Jim James - Uniform Clarity - Albums - Reviews - Soundblab

Jim James - Uniform Clarity

by James Weiskittel Rating:3 Release Date:2018-10-05
Jim James - Uniform Clarity
Jim James - Uniform Clarity

As a companion piece to his last album, Uniform Clarity provides a near track-for-track reprisal of Jim James’ last release, the blistering Uniform Distortion. But where Uniform Distortion featured a rejuvenated James turning out some of the best songwriting of his career, this collection of acoustic re-workings and reprisals feels anything but inspired.

While it’s admirable that James sought to present separate versions of these songs (as opposed to simply remixing the pre-existing release), Uniform Clarity is (pun very intended) anything but clear. Deliberate or not, much of the record sounds like it was taken directly from James’ smartphone. And while there are a few bright spots here and there (“Just a Fool”, “Throwback”, and a particularly rousing version of “Over and Over”), not even the addition of two new tracks can save this collection from the ‘for completist’s only’ pile.

What is so frustrating about this release is that the material James seeks to revisit is barely four months old; hardly enough time to warrant another take from the My Morning Jacket frontman and producer Shawn Everett. And unfortunately, the charm of hearing a song stripped of any and all production fades rather quickly, leaving little incentive for repeated listens.

To that end, it’s difficult to imagine anyone giving Uniform Clarity more than a single obligatory play, and even a further stretch to imagine that this would be the version of the album that one would choose to listen to on a consistent basis. Even a ‘live’ or ‘unplugged’ treatment would have made more sense than this purposefully lo-fi recreation.
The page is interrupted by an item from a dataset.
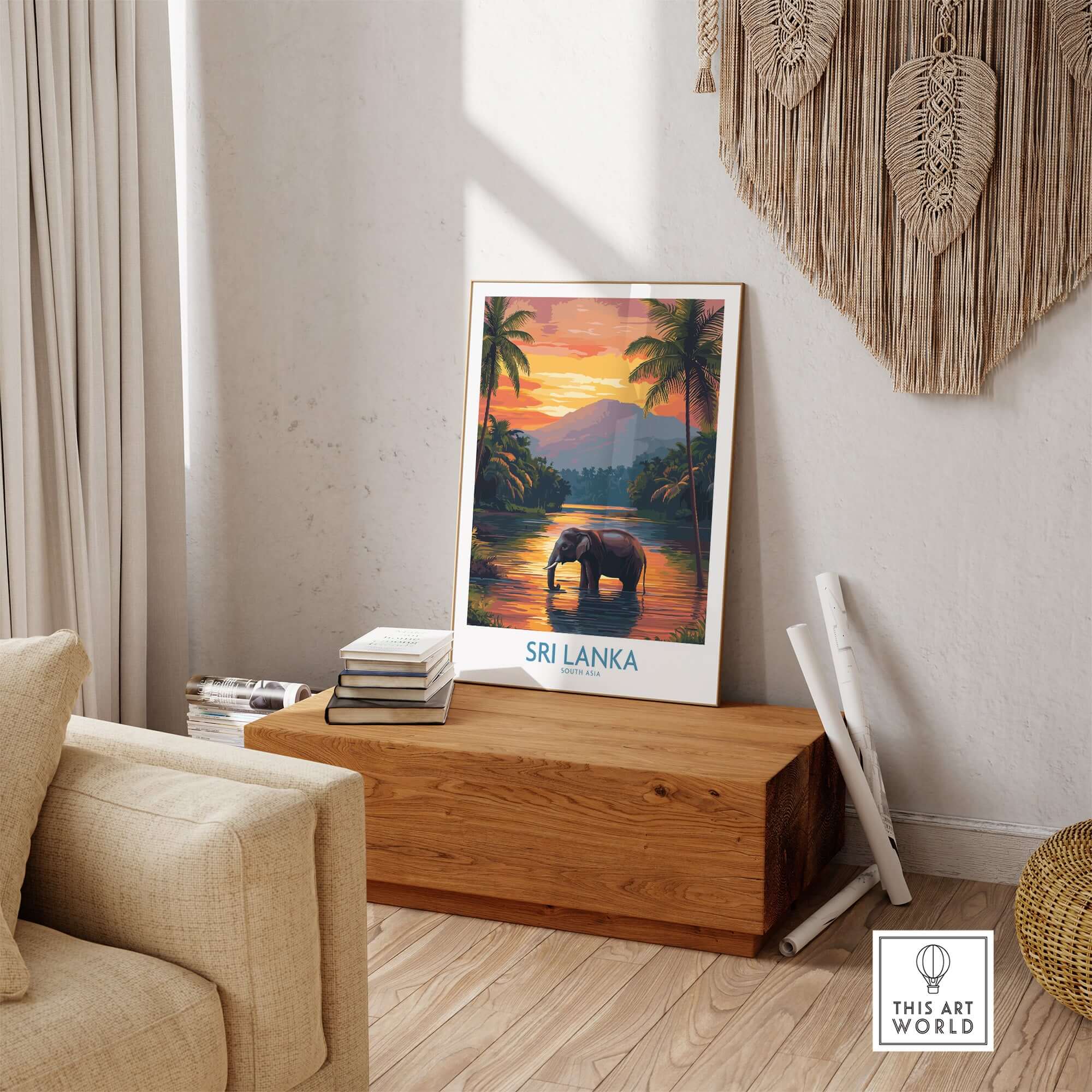 Elephant River Scene Print - Sri Lanka Travel Art, Tropical Wall Hanging displayed in a cozy living room.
While the stated intention behind Uniform Clarity (raw and real, but very clear, much like in the early days of recording where all you could hear was the truth because there were no ways to manipulate recordings in the studio.”) is novel enough, the fact remains that much of the record simply feels like an inferior version of its predecessor.

If you’ve enjoyed Uniform Distortion so much that the thought of listening to a sonically reduced, ‘document style recording’ excites you, then by all means, this just might be your October jam. For everyone else, Uniform Clarity is an easy pass.